Claudia aceptó la propuesta de Sorom y comenzó a leer los libros que aquel disponía en su colección privada. Durante ese tiempo la joven se mantuvo poco comunicativa. Por las mañanas se dedicaba a aprender de Ishmant. El resto del día lo invertía en devorar aquellos gastados volúmenes e intercambiar comentarios con el félido. Se descubrió como una lectora ávida.

Una mañana, durante sus prácticas, algo en su cabeza no le dejaba concentrarse en sus avanzados ejercicios. Se detuvo un instante y solicitó atención de su tutor.

—Maestro, tengo dudas.

—Lo sé.
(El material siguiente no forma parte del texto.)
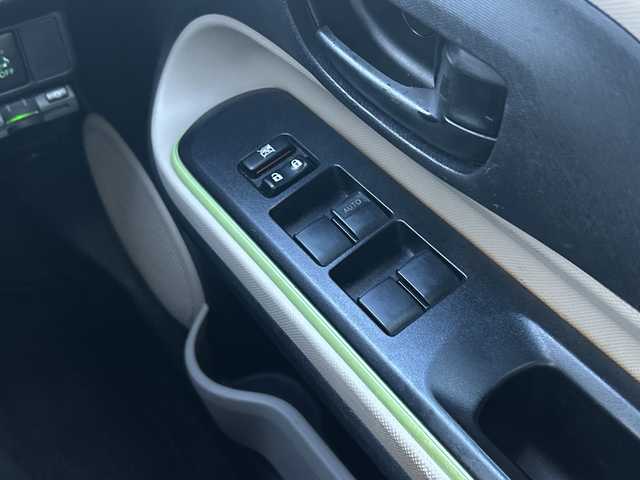 トヨタ アクア S 山形県 2014(平26)年 4万km シトラスオレンジマイカメタリック 純正7インチナビ/(BT/フルセグTV/CD/DVD/AM/FM）/バックカメラ/ETC/アイドリングストップ/LEDヘッドライト/フォグランプ/オートライト/ウィンカーミラー/電動格納ミラー/シートリフター/プッシュスタート/スマートキー/フロアマット/ドアバイザー/スペアキー/取扱説明書/保証書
Practica más.

—No, no es de ese tipo de dudas —quiso aclarar la joven.

—Sé perfectamente a qué tipo de dudas te refieres. Por eso te invito a continuar tu práctica. Yo no puedo resolverlas. Es una batalla que sólo tú debes emprender. La práctica te ayudará a calmar tu mente para lo que se avecina. Debes sacar tus propias conclusiones. —Ella quedó desconcertada.

—Eso mismo me ha dicho Sorom.

Y las dudas quedaron ahí, sembrando de tinieblas su semblante.